§ **What the task asks**
Look through the material below. Copy each line that contains the string "Cover".

§ **Source records**
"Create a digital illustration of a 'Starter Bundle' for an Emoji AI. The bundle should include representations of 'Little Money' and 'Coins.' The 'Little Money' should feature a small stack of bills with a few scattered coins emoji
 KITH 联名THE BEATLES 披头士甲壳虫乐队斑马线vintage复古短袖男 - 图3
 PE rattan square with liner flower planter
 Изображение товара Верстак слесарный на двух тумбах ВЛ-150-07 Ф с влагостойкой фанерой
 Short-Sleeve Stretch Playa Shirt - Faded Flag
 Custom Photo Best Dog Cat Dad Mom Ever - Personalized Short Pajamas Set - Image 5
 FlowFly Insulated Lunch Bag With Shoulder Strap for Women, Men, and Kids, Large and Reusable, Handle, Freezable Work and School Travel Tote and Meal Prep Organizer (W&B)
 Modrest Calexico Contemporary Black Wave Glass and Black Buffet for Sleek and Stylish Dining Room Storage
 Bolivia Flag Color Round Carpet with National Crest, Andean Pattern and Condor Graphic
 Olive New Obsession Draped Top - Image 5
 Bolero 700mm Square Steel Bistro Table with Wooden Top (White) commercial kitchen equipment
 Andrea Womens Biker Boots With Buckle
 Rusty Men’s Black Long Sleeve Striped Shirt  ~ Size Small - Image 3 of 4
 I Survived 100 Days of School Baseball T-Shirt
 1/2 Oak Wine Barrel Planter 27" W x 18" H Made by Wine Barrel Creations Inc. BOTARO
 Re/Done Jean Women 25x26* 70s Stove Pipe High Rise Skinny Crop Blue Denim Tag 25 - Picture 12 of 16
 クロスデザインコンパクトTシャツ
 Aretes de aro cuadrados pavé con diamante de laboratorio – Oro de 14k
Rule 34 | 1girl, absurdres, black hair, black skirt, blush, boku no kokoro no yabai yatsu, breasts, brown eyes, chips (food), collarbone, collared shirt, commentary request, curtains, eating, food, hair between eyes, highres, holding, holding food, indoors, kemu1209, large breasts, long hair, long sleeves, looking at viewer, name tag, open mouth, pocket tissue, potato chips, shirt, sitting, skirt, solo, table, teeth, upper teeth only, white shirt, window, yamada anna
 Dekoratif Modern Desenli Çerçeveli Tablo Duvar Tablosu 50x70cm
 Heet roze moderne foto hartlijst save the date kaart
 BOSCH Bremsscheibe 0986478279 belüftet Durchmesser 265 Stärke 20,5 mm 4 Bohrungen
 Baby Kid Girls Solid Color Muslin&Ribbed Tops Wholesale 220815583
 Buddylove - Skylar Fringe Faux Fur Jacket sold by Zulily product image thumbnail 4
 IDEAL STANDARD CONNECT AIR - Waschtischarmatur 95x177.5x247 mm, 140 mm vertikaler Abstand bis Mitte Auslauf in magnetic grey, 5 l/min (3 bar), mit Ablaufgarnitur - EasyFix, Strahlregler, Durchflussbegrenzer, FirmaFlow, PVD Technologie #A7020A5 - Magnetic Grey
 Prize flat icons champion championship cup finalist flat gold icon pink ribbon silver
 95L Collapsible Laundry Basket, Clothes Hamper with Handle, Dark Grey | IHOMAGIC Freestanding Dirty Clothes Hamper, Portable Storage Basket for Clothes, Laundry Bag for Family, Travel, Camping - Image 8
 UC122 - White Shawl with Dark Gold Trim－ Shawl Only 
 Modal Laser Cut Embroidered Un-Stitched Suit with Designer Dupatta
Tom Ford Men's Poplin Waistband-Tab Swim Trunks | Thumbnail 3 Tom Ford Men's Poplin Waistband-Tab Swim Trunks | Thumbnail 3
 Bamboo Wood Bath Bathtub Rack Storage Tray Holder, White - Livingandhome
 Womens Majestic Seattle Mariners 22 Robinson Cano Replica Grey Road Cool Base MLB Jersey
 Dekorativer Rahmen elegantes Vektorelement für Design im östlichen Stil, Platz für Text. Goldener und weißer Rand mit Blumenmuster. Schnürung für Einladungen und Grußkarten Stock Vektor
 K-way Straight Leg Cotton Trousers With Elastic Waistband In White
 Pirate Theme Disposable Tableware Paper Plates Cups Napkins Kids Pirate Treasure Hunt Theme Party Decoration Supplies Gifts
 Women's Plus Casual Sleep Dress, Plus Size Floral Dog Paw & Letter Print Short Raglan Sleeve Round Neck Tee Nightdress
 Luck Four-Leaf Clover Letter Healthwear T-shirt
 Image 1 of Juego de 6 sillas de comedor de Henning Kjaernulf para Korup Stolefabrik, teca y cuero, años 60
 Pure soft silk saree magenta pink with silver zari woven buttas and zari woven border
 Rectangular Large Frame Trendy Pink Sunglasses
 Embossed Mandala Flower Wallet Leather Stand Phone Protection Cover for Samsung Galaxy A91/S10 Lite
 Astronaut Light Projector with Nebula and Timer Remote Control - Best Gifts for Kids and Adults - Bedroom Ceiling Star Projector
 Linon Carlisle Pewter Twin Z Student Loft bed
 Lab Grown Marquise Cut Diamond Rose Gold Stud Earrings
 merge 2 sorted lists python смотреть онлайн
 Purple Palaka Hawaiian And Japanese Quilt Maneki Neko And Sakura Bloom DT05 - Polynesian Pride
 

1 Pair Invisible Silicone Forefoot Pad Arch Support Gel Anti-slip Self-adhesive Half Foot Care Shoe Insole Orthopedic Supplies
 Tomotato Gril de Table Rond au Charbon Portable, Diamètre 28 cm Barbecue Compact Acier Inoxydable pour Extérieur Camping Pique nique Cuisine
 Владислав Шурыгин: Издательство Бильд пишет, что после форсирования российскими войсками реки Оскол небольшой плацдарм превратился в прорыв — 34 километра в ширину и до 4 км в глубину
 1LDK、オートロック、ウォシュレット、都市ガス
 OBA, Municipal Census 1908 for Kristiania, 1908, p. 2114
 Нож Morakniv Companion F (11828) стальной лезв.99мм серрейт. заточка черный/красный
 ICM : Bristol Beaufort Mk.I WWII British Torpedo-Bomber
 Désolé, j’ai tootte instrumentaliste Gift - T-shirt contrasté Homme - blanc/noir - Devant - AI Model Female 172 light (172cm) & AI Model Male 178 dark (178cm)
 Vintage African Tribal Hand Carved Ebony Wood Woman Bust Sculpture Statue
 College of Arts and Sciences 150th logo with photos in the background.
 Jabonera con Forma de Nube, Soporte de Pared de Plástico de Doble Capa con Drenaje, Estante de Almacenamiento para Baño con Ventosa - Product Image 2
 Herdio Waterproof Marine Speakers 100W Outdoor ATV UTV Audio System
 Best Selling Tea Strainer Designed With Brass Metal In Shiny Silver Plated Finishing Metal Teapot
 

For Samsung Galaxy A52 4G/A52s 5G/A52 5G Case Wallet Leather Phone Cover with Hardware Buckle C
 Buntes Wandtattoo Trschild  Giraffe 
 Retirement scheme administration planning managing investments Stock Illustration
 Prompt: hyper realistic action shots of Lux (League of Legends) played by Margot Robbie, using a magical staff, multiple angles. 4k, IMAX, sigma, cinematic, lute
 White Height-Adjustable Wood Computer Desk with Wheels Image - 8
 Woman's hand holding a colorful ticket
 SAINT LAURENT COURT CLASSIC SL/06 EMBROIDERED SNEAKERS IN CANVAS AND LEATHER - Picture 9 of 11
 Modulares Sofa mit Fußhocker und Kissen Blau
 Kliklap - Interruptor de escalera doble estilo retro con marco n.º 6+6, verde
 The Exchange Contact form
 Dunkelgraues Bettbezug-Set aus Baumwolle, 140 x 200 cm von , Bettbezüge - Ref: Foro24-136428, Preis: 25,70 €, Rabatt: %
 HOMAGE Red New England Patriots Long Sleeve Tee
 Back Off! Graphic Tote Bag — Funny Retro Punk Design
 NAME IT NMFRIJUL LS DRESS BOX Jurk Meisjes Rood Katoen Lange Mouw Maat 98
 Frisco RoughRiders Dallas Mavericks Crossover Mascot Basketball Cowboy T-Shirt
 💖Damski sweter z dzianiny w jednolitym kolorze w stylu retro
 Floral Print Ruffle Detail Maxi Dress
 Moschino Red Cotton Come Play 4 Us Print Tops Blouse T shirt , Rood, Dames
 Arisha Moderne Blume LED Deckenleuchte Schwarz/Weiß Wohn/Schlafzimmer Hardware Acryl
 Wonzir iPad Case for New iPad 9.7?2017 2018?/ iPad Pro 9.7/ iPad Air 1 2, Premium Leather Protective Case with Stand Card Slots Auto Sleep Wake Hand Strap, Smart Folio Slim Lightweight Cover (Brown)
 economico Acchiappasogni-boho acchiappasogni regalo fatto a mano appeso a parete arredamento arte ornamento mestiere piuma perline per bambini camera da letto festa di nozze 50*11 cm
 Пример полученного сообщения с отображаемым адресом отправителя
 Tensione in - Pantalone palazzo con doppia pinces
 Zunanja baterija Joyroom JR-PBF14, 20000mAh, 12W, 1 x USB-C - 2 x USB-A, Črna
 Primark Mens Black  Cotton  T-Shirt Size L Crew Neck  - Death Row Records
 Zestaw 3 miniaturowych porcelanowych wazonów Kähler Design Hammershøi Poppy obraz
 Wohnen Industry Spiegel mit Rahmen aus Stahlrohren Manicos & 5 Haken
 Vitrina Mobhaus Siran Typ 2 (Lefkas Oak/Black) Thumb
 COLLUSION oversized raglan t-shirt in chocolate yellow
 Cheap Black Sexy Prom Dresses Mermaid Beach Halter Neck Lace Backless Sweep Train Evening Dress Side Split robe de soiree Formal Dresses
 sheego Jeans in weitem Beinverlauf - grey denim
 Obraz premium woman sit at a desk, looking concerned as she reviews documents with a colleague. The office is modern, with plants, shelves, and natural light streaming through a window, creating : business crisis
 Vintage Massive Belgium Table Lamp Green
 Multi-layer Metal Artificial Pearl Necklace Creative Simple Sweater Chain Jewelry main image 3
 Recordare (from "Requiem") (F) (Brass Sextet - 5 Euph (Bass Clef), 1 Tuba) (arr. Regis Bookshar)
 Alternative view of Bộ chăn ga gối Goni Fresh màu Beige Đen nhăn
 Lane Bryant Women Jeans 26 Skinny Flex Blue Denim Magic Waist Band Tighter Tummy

§ **Solution for this problem**
 Embossed Mandala Flower Wallet Leather Stand Phone Protection Cover for Samsung Galaxy A91/S10 Lite
For Samsung Galaxy A52 4G/A52s 5G/A52 5G Case Wallet Leather Phone Cover with Hardware Buckle C
 Wonzir iPad Case for New iPad 9.7?2017 2018?/ iPad Pro 9.7/ iPad Air 1 2, Premium Leather Protective Case with Stand Card Slots Auto Sleep Wake Hand Strap, Smart Folio Slim Lightweight Cover (Brown)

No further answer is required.